A titular da pasta do Meio Ambiente afirmou que, por enquanto, espera que a Justiça decida a seu favor na disputa que trava com o grupo político de Heloísa Helena, que atualmente comanda a Rede Sustentabilidade.

Questionada se ainda poderia ser candidata pela Rede, Marina disse: — Essa discussão está em processo, assim, sabe quando você já está indo para aquela fase de decisão em pênaltis? Já está nessa fase, de prorrogação.

Em seu discurso de despedida, Marina afirmou que ainda não decidiu seu futuro eleitoral, mas que está à disposição para “cumprir sua missão”. A ministra afirmou que pode concorrer ao Senado, mas que o tema ainda não está definido. Também ressaltou que recebeu convites para se filiar a partidos como PSB, PCdoB e PDT.

Marina deixa a pasta com um legado de redução do desmatamento, recuperação das operações de fiscalização do Ministério do Meio Ambiente e a realização da COP30 no Brasil.

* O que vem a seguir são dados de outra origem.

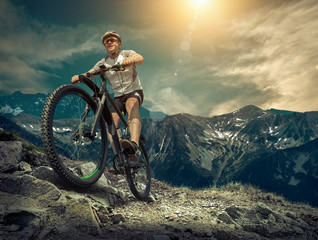 Man in helmet and glasses stay on the bicycle under sky with clo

Por outro lado, a ministra não conseguiu emplacar sua proposta de criar a Autoridade Nacional de Segurança Climática, entidade que coordenaria ações federais para o enfrentamento às mudanças climáticas e incidentes como secas e inundações.

A ministra também se contrapôs à posição de colegas de Esplanada como Alexandre Silveira, ministro de Minas e Energia, a favor da exploração de petróleo na Foz do Amazonas, mas foi voto derrotado. Em sua gestão, o Ibama concedeu licença à Petrobras para a perfuração de um poço exploratório localizado em águas profundas do Amapá, a 500 quilômetros da foz do Rio Amazonas e a 175 quilômetros da costa, na Margem Equatorial brasileira.

Marina transmite o cargo a João Paulo Capobianco, homem de confiança da ministra há décadas e seu atual secretário executivo. A gestão seguirá na linha de continuidade, disse.